Fibroblas melakukan sintesis kolagen dan mukopolisakarida.
d. Fase Maturasi (durasi 24-365 hari)

Dalam setiap cedera yang mengakibatkan hilangnya kulit, sel epitel pada pinggir luka dan
sisa- sisa folikel membelah dan mulai berimigrasi di atas jaringan granulasi baru.

7. Tipe Penyembuhan Luka

Menurut Moya, Morison (2003) proses penyembuhan luka akan melalui


beberapa intensi penyembuhan, antara lain:
a. Penyembuhan Melalui Intensi Pertama (Primary Intention) Luka terjadi dengan
pengrusakan jaringan yang minimum, dibuat secara aseptic, penutupan terjadi dengan baik,
jaringan granulasi tidak tampak, dan pembentukan jaringan parut minimal.

b. Penyembuhan Melalui Intensi Kedua (Granulasi )

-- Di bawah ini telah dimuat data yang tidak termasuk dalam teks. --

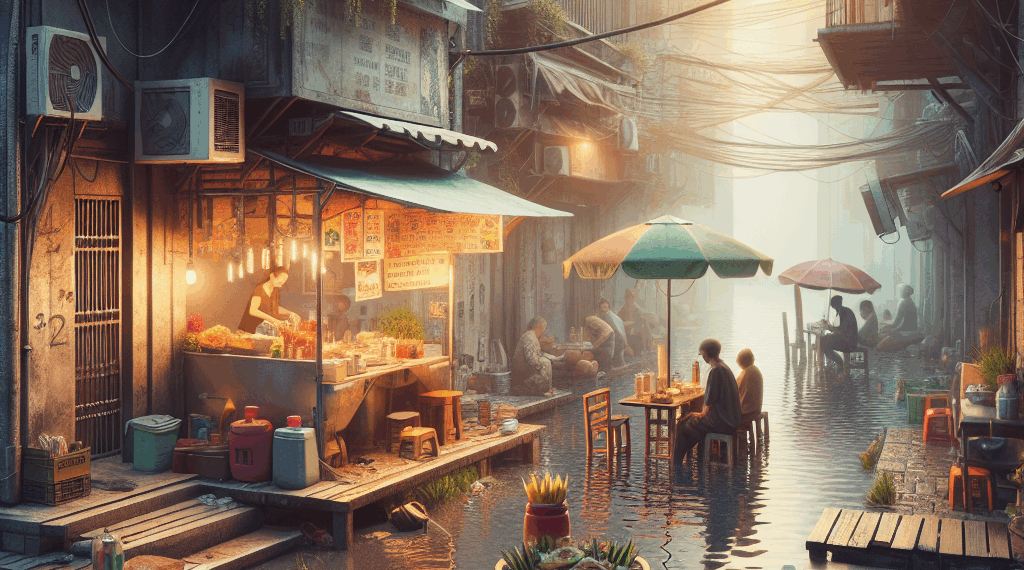 Advertencia sobre los distintos grados de informalidad en la industria turística – Dimension Turistica Magazine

Pada luka terjadi pembentukan pus atau tepi luka tidak saling merapat, proses
penyembuhannya membutuhkan waktu yang lama.

c. Melalui Intensi Ketiga (Secondary Suture)


Terjadi pada luka yang dalam yang belum dijahit atau terlepas dan kemudian dijahit kembali,
dua permukaan granulasi yang berlawanan disambungkan sehingga akan membentuk
jaringan parut yang lebih dalam dan luas.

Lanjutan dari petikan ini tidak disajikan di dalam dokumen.